Wang Junjie, Wei Yanyan, Hu Qiang, Tang Yingying, Zhu Hongliang, Wang Jijun
Institute of Mental Health, Suzhou Psychiatric Hospital, The Affiliated Guangji Hospital of Soochow University, Suzhou, Jiangsu 215137, China.
Shanghai Key Laboratory of Psychotic Disorders, Shanghai Mental Health Center, Shanghai Jiaotong University School of Medicine, Shanghai 200030,China.
Schizophr Res Cogn. 2024 Nov 29;39:100339. doi: 10.1016/j.scog.2024.100339. eCollection 2025 Mar.
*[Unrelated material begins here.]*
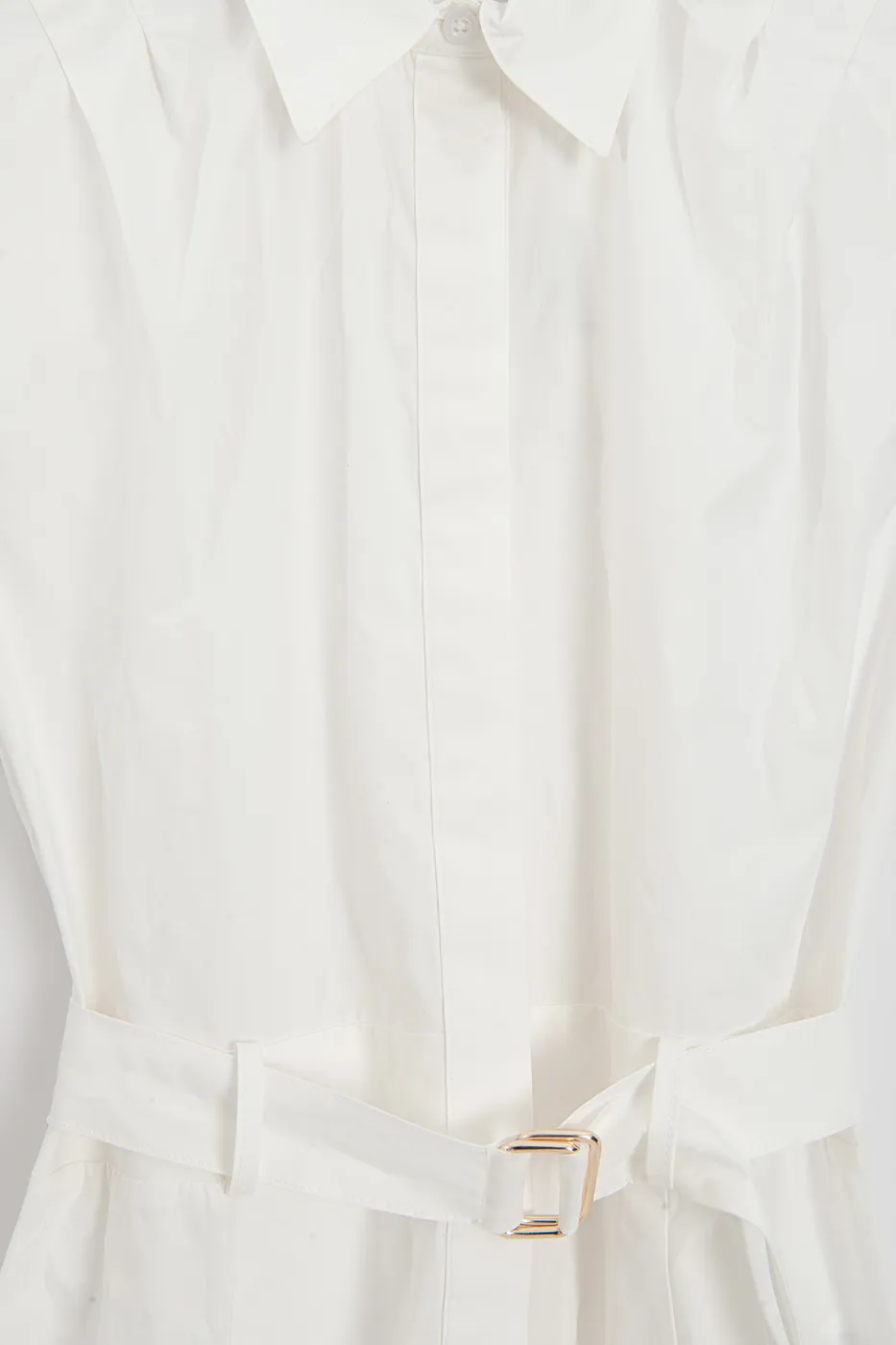 Bayan Ekru %100 Cotton Pileli Mini Gömlek Elbise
The dorsolateral prefrontal cortex (DLPFC) - cerebellum circuit has been implicated in the pathogenesis of negative symptoms of schizophrenia (SZ). Both areas are considered separate targets for repetitive transcranial magnetic stimulation (rTMS) treatment, showing potential for improving negative symptoms. However, there is still a lack of research that targets both DLPFC and cerebellum simultaneously. In this study, we will explore the efficacy and safety of dual-target rTMS based on the DLPFC-cerebellum circuit in the treatment of negative symptoms in SZ.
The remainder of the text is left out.